In the previous chapter, we developed an instant-messaging application that relies on a central coordinator. As it stands, the central coordinator isn't equipped to handle concurrent requests, which could lead to subtle problems when registering and removing users. There are two approaches that can handle these problems.
The first option is to move the user registry into a database. This approach has a cost. Though a database will ensure scalability and eliminate the possibility of concurrency problems, it will also slow down individual client requests. Using a database makes the most sense if you intend to scale the system to an extremely large audience (with hundreds of simultaneous users). The database approach is demonstrated with the discovery service in Chapter 7.
The second option is to revise the central coordinator and add the .NET threading code needed to safely handle access to the user collection. This approach is ideal when creating a peer-to-peer system for a smaller community (for example, inside the private network of a single organization). This is the approach we'll develop in this chapter.

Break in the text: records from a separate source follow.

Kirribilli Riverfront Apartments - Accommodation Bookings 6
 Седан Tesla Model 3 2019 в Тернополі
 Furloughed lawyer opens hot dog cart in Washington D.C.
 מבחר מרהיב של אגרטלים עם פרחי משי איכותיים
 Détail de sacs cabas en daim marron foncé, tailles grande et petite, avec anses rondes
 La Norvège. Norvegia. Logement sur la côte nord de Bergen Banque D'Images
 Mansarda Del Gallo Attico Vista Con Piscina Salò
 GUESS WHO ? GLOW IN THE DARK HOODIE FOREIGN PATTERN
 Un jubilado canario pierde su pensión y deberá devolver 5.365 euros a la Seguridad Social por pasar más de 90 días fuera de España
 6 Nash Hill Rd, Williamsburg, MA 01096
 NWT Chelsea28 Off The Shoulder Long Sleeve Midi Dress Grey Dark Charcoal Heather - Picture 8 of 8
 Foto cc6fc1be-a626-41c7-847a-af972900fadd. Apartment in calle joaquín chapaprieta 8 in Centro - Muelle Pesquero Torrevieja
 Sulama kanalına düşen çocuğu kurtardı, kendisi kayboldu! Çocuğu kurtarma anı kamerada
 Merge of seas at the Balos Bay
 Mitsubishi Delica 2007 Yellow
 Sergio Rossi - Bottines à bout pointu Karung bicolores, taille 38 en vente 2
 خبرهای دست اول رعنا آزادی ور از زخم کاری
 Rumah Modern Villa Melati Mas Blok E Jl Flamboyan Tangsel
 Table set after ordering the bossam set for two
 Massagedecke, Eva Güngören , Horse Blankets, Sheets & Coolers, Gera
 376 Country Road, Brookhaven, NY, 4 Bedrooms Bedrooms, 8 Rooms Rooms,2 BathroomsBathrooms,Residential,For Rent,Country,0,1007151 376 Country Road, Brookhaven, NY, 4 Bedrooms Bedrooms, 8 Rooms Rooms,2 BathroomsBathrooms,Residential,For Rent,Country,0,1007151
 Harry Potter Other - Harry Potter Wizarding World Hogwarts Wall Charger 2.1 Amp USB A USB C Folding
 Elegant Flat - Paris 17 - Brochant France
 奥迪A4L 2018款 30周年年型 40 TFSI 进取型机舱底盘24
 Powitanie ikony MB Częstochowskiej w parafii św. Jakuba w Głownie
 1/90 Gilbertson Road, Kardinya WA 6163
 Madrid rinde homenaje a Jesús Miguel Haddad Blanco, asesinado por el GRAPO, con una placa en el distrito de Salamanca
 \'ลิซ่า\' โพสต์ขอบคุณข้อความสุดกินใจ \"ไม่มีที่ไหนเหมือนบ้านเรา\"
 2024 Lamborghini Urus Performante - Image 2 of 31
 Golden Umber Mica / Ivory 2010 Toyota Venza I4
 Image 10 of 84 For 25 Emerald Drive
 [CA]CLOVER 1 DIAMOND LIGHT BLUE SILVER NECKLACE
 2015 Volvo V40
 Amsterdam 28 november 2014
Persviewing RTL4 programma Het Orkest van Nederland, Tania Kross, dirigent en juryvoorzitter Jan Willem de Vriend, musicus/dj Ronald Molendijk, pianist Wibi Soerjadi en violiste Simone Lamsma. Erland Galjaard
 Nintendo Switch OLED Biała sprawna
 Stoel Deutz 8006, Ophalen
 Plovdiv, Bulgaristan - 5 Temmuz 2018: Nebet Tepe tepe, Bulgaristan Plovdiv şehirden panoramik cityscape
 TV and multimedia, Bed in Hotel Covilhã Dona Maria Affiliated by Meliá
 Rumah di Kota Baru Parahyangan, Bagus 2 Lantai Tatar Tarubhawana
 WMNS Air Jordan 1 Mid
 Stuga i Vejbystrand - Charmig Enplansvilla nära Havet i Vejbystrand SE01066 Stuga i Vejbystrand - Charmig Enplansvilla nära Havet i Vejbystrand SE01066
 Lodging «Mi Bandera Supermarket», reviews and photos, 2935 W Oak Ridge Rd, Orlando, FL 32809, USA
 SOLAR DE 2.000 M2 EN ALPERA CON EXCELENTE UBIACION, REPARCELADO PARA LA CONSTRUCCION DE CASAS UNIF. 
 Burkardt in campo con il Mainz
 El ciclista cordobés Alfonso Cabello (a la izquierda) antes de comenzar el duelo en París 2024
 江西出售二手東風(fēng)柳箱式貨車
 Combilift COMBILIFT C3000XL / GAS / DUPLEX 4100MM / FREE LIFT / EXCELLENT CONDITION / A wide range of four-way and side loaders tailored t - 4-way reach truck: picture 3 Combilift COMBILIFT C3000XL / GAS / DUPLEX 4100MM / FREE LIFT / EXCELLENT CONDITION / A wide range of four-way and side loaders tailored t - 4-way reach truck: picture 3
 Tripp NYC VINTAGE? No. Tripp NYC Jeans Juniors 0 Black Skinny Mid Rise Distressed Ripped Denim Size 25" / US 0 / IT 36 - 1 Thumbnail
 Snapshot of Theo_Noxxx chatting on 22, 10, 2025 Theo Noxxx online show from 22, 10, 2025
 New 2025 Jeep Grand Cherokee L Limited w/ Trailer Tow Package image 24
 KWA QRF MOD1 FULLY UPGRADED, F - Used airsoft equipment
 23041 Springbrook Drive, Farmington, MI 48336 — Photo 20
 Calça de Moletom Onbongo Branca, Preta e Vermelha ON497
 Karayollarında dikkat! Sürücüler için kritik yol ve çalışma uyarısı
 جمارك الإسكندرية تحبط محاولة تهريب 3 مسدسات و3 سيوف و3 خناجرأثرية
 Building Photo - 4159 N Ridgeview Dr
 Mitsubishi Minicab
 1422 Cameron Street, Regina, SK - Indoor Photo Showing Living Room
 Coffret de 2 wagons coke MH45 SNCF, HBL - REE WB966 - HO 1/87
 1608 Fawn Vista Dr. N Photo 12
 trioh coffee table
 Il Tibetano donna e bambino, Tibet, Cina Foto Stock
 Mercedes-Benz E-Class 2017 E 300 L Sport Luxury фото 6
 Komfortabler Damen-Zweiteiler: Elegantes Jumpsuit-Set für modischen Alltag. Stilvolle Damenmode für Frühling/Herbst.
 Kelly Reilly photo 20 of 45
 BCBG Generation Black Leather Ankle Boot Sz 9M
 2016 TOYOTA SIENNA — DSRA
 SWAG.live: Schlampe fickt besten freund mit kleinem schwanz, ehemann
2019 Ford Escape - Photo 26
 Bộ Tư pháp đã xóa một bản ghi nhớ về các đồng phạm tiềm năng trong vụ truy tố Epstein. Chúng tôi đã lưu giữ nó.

This chapter also introduces a few additional enhancements to the Talk.NET system. These include the following:
Mechanisms to handle users who supply duplicate user names and users who disconnect from the system without properly logging out.
Client-side threading code to properly handle user-interface refreshes, particularly when multiple messages are received at once.
A modified TalkService component recast as a Windows service, so it can load automatically and run in the background without user intervention.